- _Record set_:
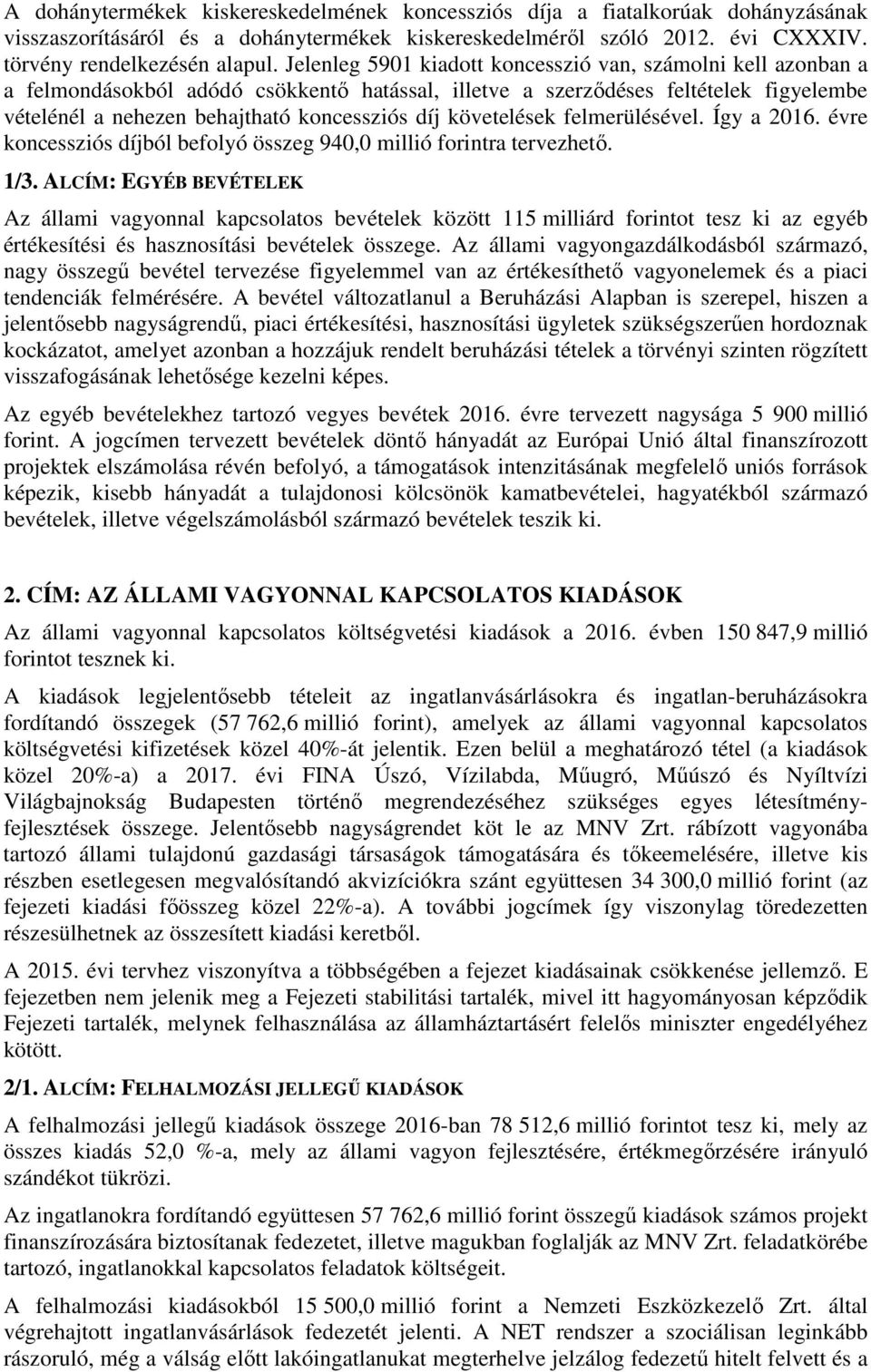 követelések felmerülésével. Így a 2016. évre koncessziós díjból befolyó összeg 940,0 millió forintra tervezhető. 1/3.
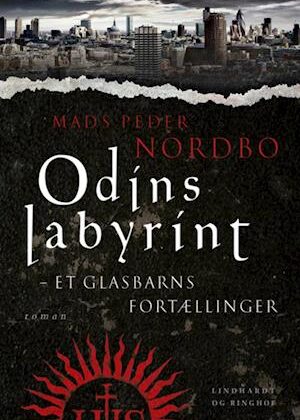 Odins labyrint - et glasbarns fortællinger-Mads Peder Nordbo-E-bog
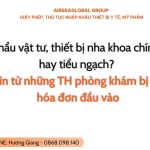 Nhập khẩu vật tư, thiết bị nha khoa chính ngạch hay tiểu ngạch. Góc nhìn từ những TH phòng khám bị kiểm tra hóa đơn đầu vào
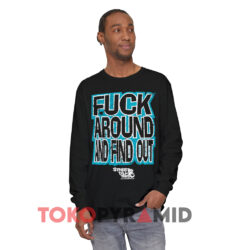 Vintage Stevie Stacks Fuck Around And Find Out Shirt 4 Stevie Stacks Fuck Around And Find Out Black Long sleeved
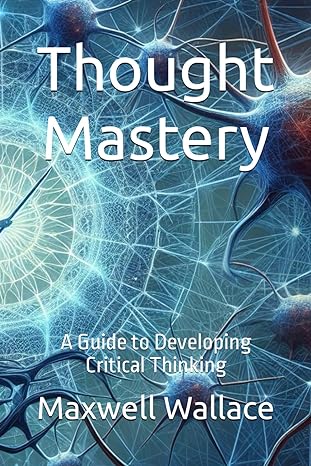 thought mastery a guide to developing critical thinking 1st edition maxwell wallace b0crpz5cwn, 979-8874175603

- _Work to complete_: Write the records above out again exactly, but not the pictures.

- _Exercise result_:
 követelések felmerülésével. Így a 2016. évre koncessziós díjból befolyó összeg 940,0 millió forintra tervezhető. 1/3.
 Odins labyrint - et glasbarns fortællinger-Mads Peder Nordbo-E-bog
 Nhập khẩu vật tư, thiết bị nha khoa chính ngạch hay tiểu ngạch. Góc nhìn từ những TH phòng khám bị kiểm tra hóa đơn đầu vào
 Vintage Stevie Stacks Fuck Around And Find Out Shirt 4 Stevie Stacks Fuck Around And Find Out Black Long sleeved
 thought mastery a guide to developing critical thinking 1st edition maxwell wallace b0crpz5cwn, 979-8874175603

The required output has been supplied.